In the wake of demonstrations protesting the ouster of Muhammad Yunus from Grameen Bank, the US publicity machine is gearing up, with a “special theatrical event” (Robert De Niro! Matt Damon! Suze Orman!) scheduled for March 31. Judging by the trailer, it’s going to be full of fluff, not particularly timely, and will concentrate mainly on the minuscule Grameen America — which has currently raised $275.40 towards building its first branch.
Antony Currie wants a bit more clarity on why the Federal Reserve seems to be happy with Bank of America paying a dividend of 1 cent per quarter, but unhappy with a dividend of 5 cents per quarter. “It’s not clear,” he writes, “whether the Fed is worried about BofA’s core earnings falling short or about potential losses being higher than the bank projected, to pick a couple of possible concerns.”
There’s one aspect of the NYT paywall which hasn’t got as much attention as it deserves — and that’s the idea that the NYT will be able to charge higher CPMs for ads behind the paywall than it currently gets for ads on a free site. Gordon Crovitz, the former publisher of the WSJ who now has a paywall product of his own, points out that if people pay for a subscription, that’s an excellent indicator of the “engagement” that advertisers and agencies are looking for. As a result, he says, publishers can charge a CPM premium of about 30% for behind-the-paywall pageviews.
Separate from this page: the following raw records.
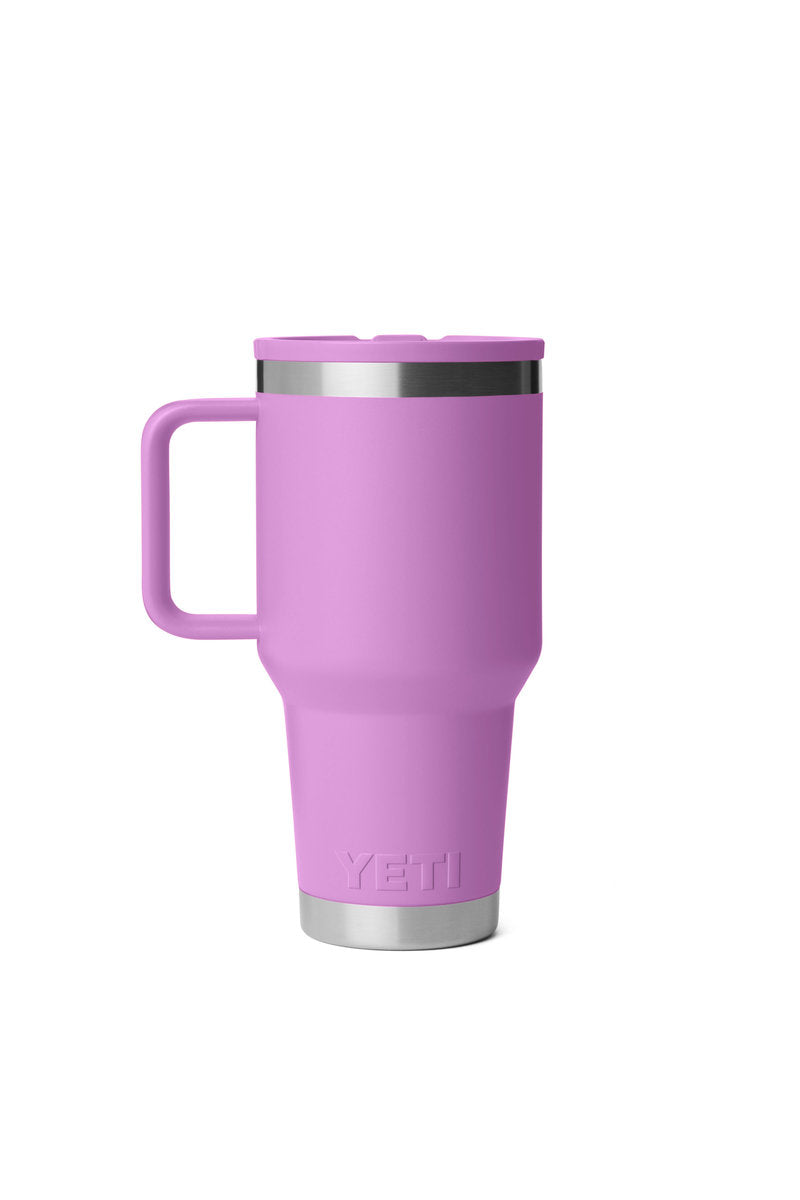 Rambler 35 oz Mug With Straw Lid - Desert Bloom - DSB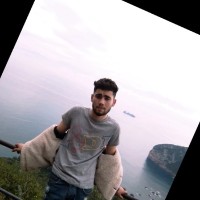 Lounes aksouh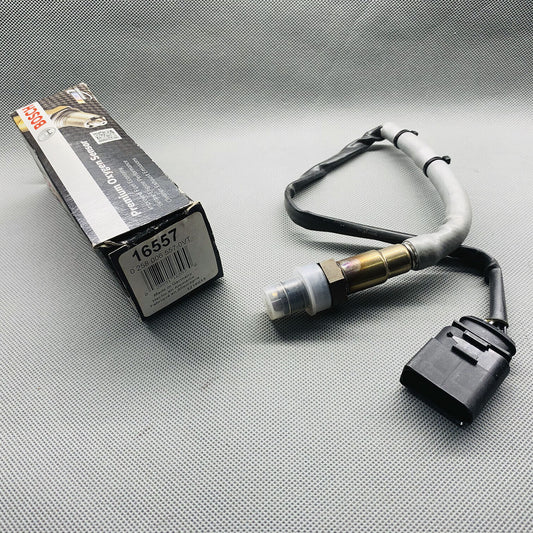 Orig. Original Oxygen Sensor 16557 Para VW Volkswagen Jetta 2.0L Escarabajo 1.8L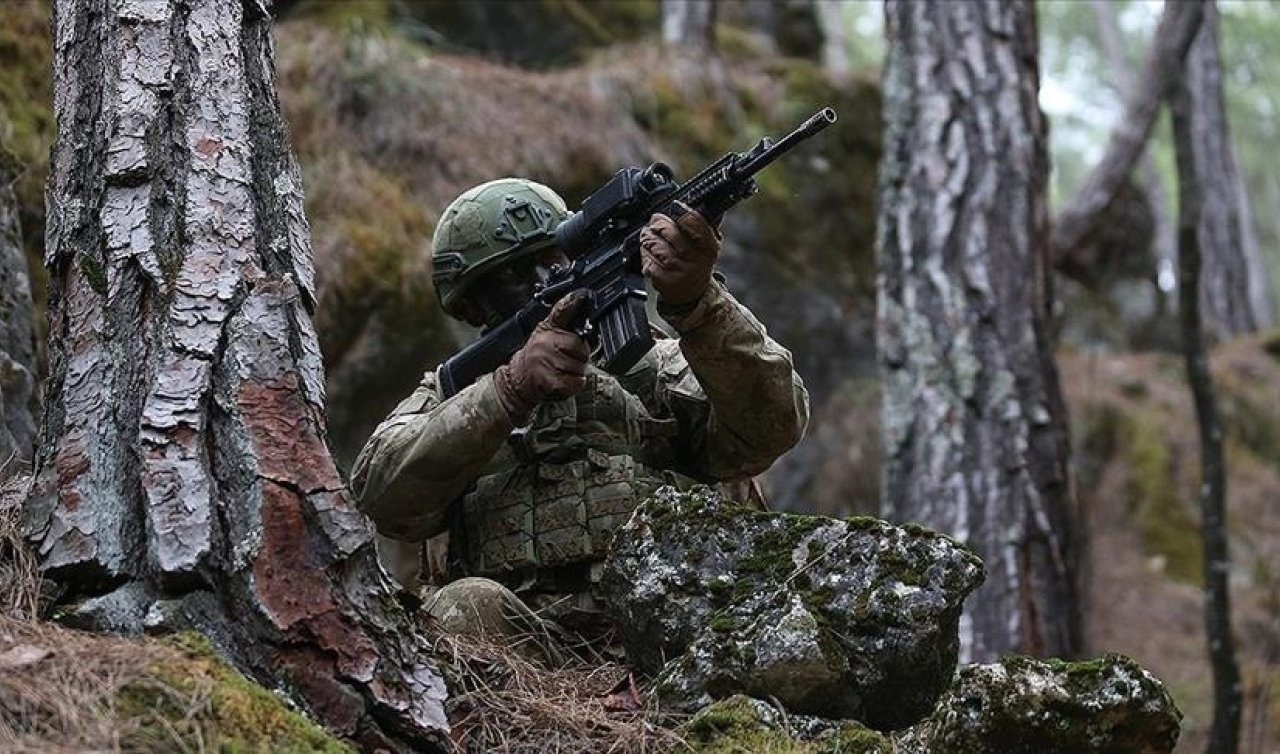  MİT’ten Hakurk’a nokta operasyon!
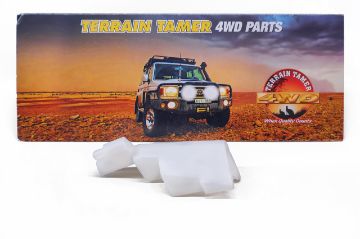 PIPE OIL RECEIVER CENTRE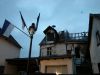 Großbrand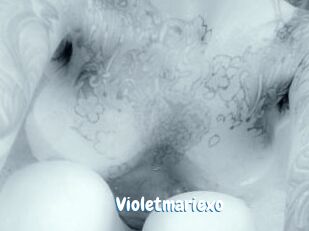 Violetmariexo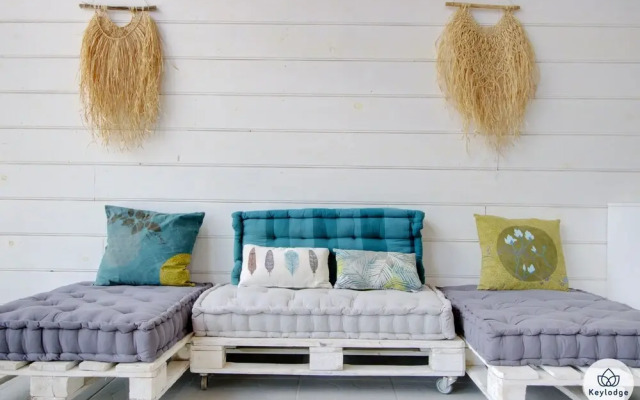 Villa Jacinthes - 250m2 à Saint Denis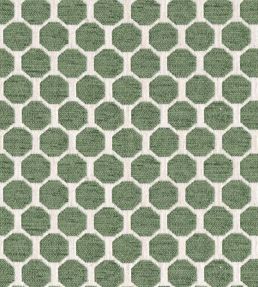 The Octagon Fabric by Madeaux 08 Willow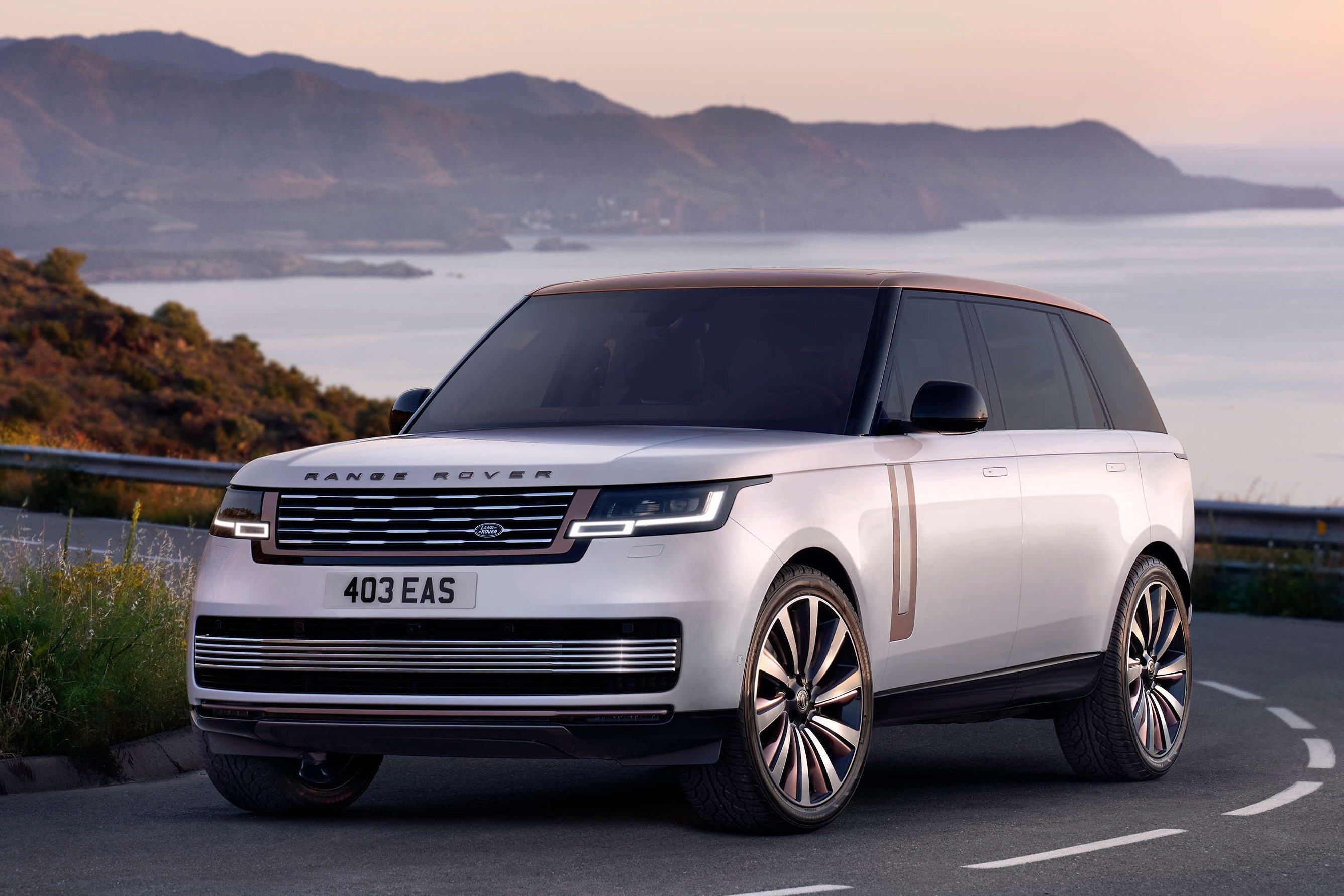 Range Rover 2022  ảnh 12 Range Rover 2022 anh 12
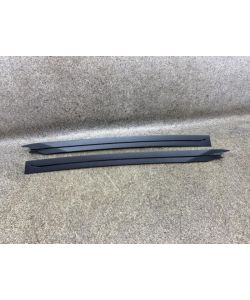 Führungsschiene Sonnenrollo links rechts Mercedes C218 W218 CLS 500 12.1877.293
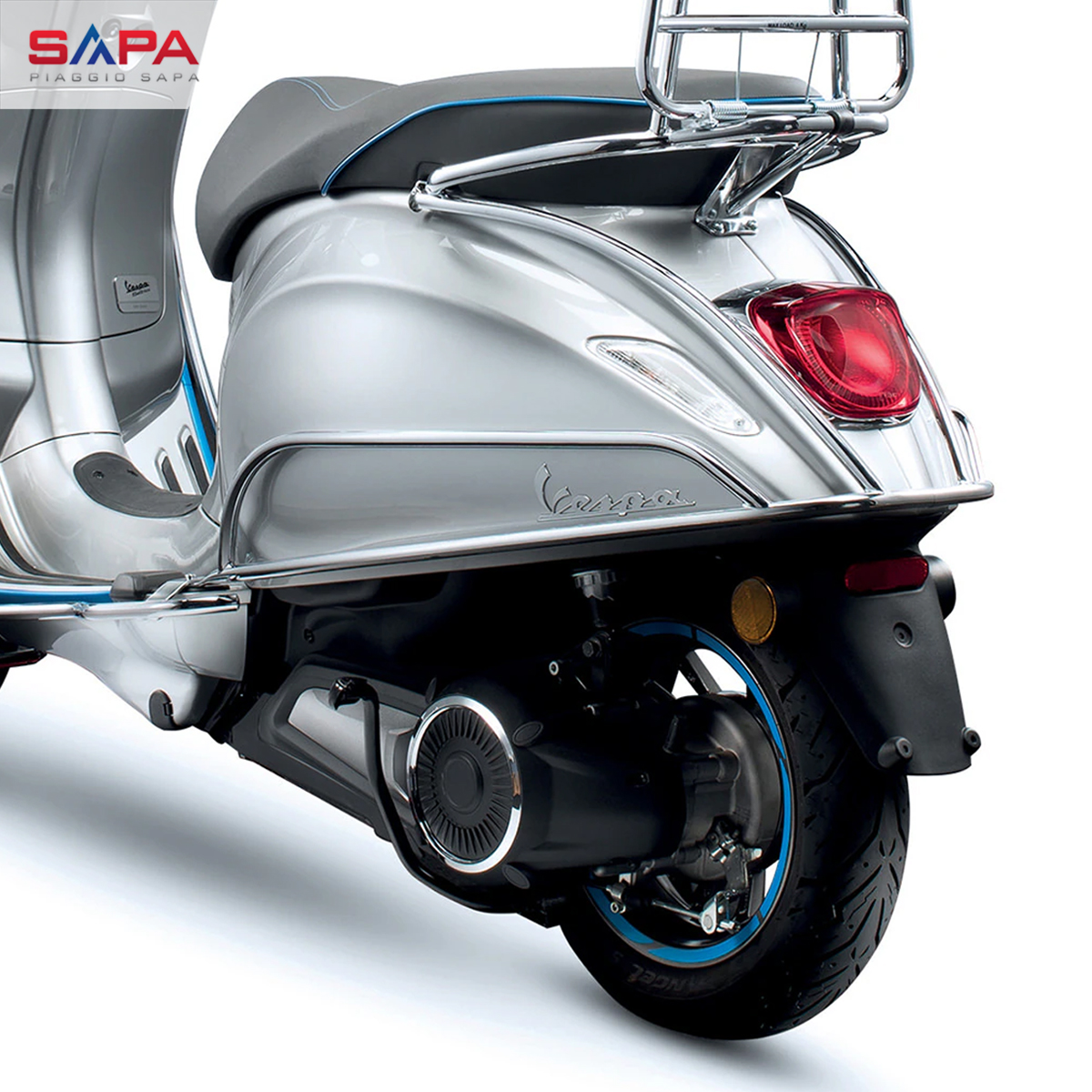 Bộ bảo vệ sau Prima / Sprint ( Lẻ )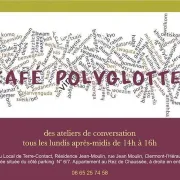Kafe Polyglotte
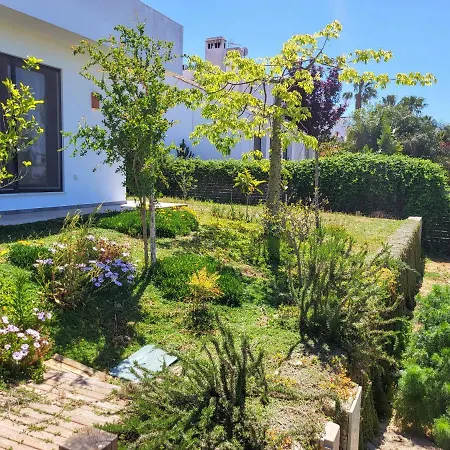 Family House With Garden 10min From Sanlucar *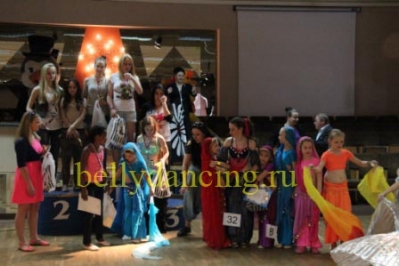 Конкурс Созвездие_7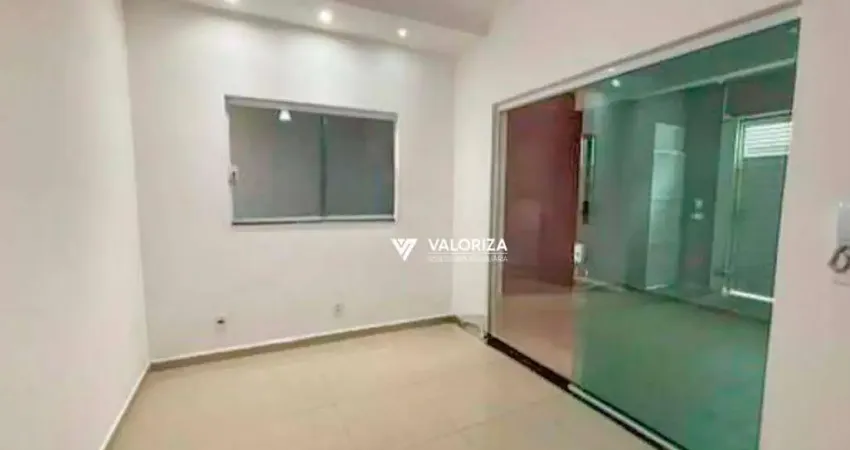 Casa com 2 dormitórios à venda, 141 m² por R$ 420.000,00 - Vila Carvalho - Sorocaba/SP
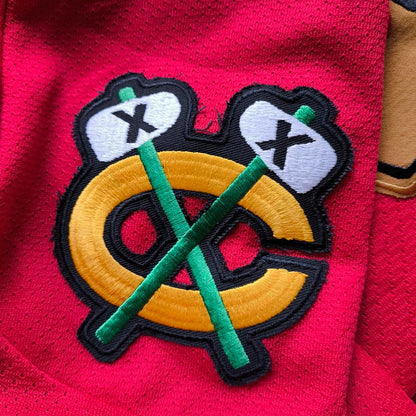 Chicago Blackhawks Maska NHL Jersey M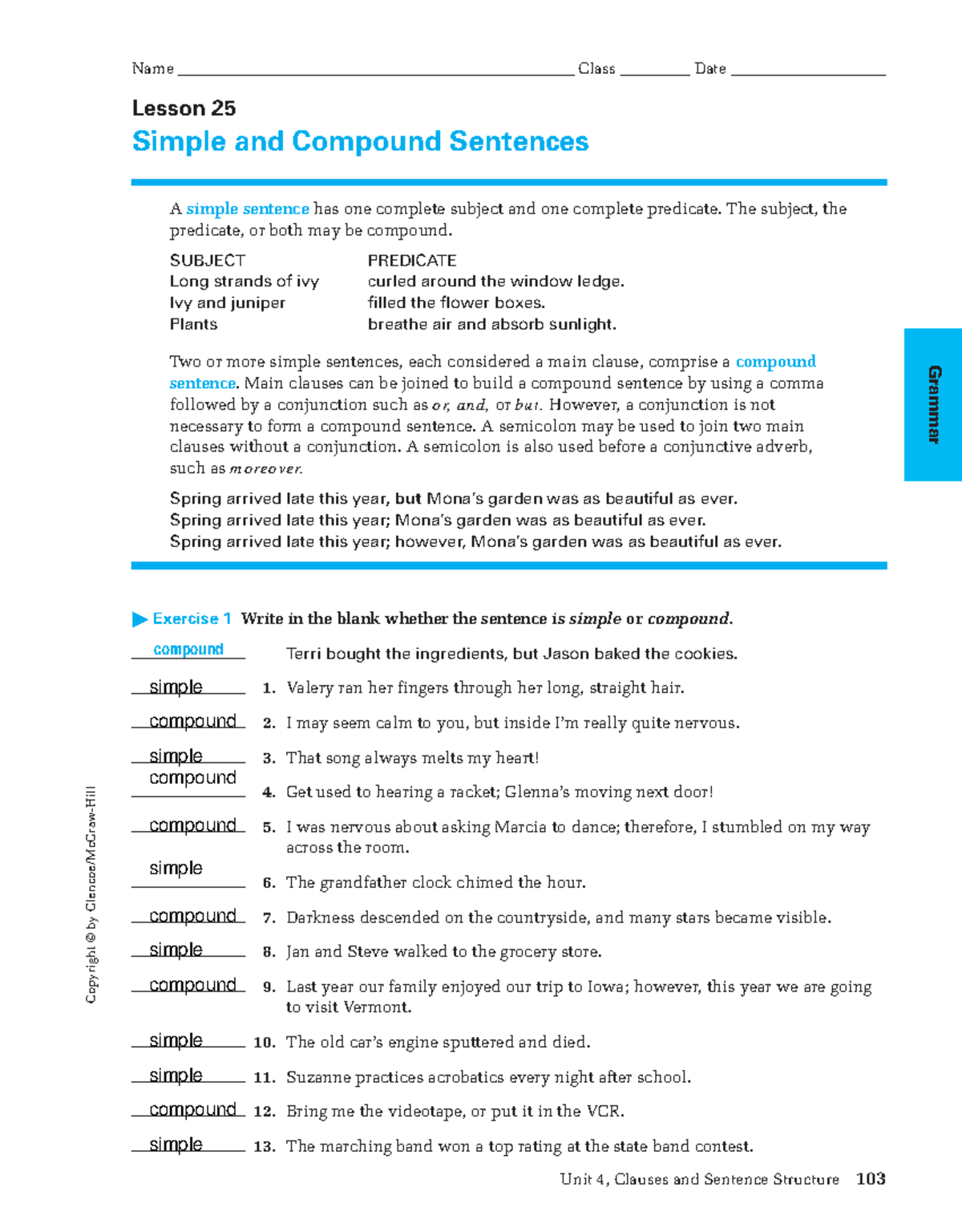 駿台テキスト　EXERCISES IN ENGLISH COMPOSITION Oral Exercises in English Composition (Classic Reprint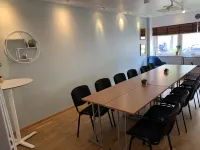 First Hotel Jörgen Kock Hotels in Malmo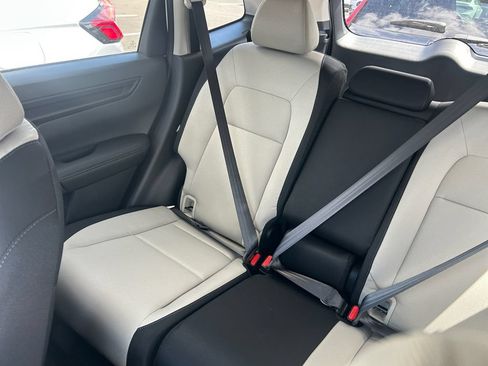 New 2026 Honda CR-V EX image 18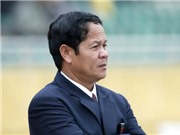 Bóng đá anh, ngoại hạng anh, lịch thi đấu euro 2012, Ủy viên Hội đồng Trọng tài QG Bùi Như Đức: Ai cũng có thể bị tiền “bắn thủng”
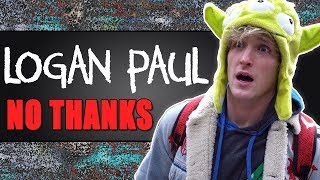 The Logan Paul Odyssey [upl. by Yodlem]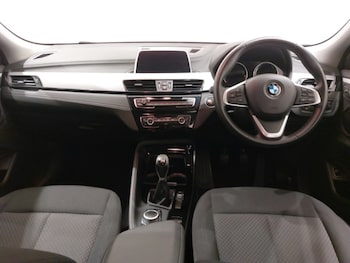 Used BMW X2 2019 for sale - 75780484: Photo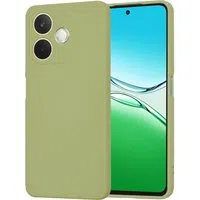 Custodia per Oppo A5 Pro 4G / A5 Pro, Techsuit, SoftFlex, Matcha — 3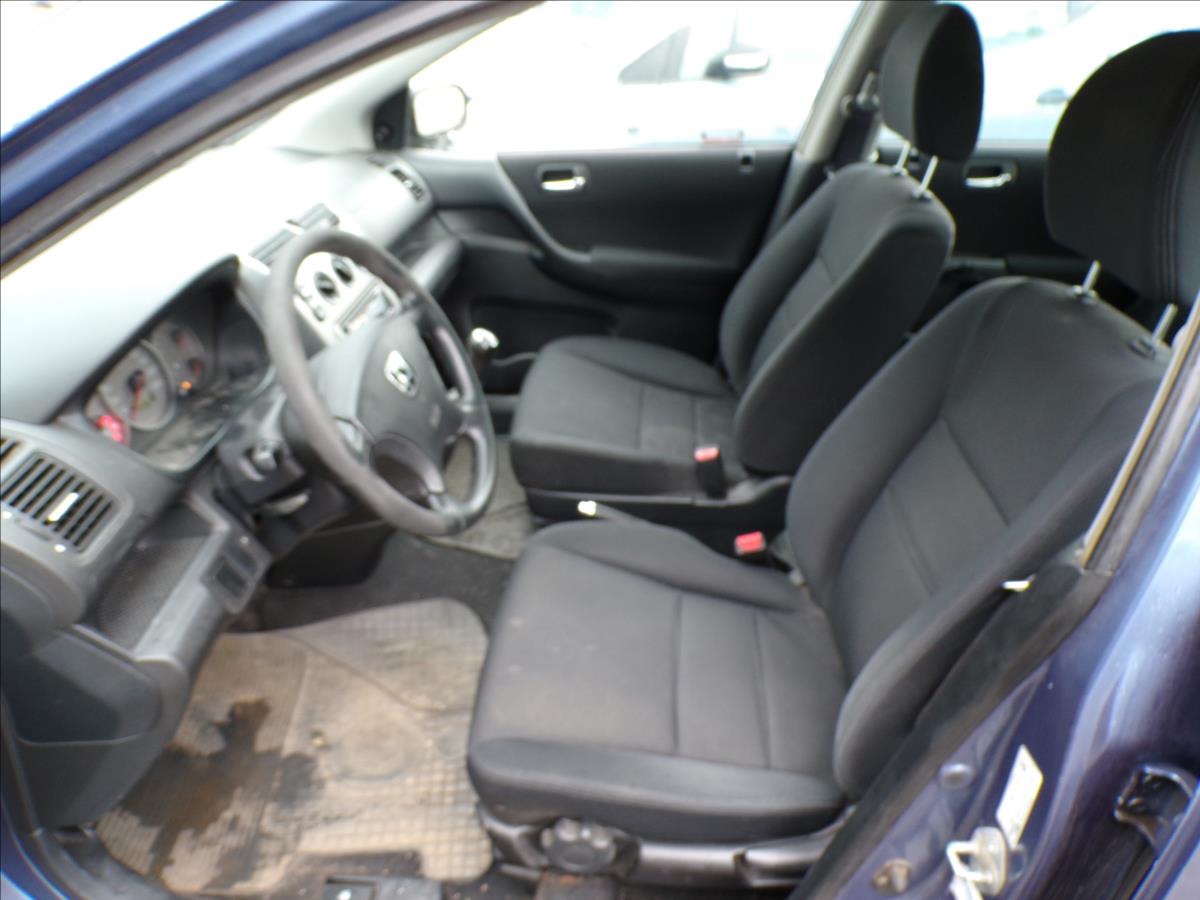 honda-civic-1-4-i-klima - 9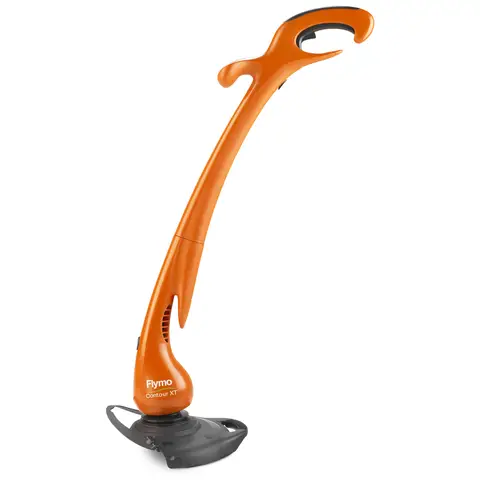 Flymo Contour XT 2-in-1 Corded Grass Trimmer and Edger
I had a pretty involved Twitter conversation with TED today on the implications of the fact that fewer companies are going public. We’re both agreed that from a corporate-finance perspective, the trend makes perfect sense: the all-in cost of private equity is lower than the cost of going public. (For reasons why that might be the case, see here or here for starters.) But broadly speaking, from a public-policy perspective, is this a good thing or a bad thing? My thesis is that it’s a bad thing.